LB 171: This bill provides for claims against the state. Every budget cycle the Legislature must budget for lawsuit settlements against the state of Nebraska. For example, this year the state settled a lawsuit after the Department of Roads failed to immediately replace a stop sign after construction work and an individual was harmed in an automobile accident. Also included in the appropriation is workman compensation claims. The cost of the claims is $2.9 million.

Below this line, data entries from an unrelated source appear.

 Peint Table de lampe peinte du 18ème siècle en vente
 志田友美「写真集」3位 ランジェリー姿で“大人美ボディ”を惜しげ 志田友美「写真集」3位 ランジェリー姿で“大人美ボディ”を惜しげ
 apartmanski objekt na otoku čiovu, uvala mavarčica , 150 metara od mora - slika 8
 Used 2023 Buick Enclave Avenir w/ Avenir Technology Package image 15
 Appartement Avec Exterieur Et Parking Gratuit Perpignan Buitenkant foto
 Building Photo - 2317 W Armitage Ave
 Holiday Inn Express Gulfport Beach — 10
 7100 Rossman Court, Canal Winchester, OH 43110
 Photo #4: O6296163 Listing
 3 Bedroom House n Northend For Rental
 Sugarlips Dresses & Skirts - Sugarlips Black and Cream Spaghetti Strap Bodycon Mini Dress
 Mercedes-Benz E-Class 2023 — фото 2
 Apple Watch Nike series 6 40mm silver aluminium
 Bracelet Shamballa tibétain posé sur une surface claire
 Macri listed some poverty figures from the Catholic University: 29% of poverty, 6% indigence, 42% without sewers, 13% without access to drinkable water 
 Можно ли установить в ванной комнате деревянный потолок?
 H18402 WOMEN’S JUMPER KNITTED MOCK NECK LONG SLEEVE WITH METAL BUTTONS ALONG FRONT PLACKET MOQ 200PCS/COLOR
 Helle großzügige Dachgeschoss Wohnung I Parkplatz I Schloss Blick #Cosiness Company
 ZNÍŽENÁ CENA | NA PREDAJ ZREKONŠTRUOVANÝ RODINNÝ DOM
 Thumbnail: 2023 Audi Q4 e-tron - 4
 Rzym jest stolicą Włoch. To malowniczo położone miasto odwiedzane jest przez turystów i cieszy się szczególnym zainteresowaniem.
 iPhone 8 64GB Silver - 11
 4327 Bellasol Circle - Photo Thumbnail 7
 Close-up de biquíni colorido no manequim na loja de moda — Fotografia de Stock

LB 478: The bill allowing felons to own archery equipment was signed Tuesday by the governor. It includes an emergency clause so those individuals can enjoy spring and summer hunting seasons and prepare for fall hunting excursions. Our legislation legitimized by statute what was already happening, but a recent Nebraska Supreme Court ruling enforcing a state statute forbidding a felon from possessing a knife with a blade over 3.5 inches in length cast doubts on felons possessing archery equipment. Clarification needed to be made.
We are still working with other senators to press forward on property tax relief. LB 640 is still alive.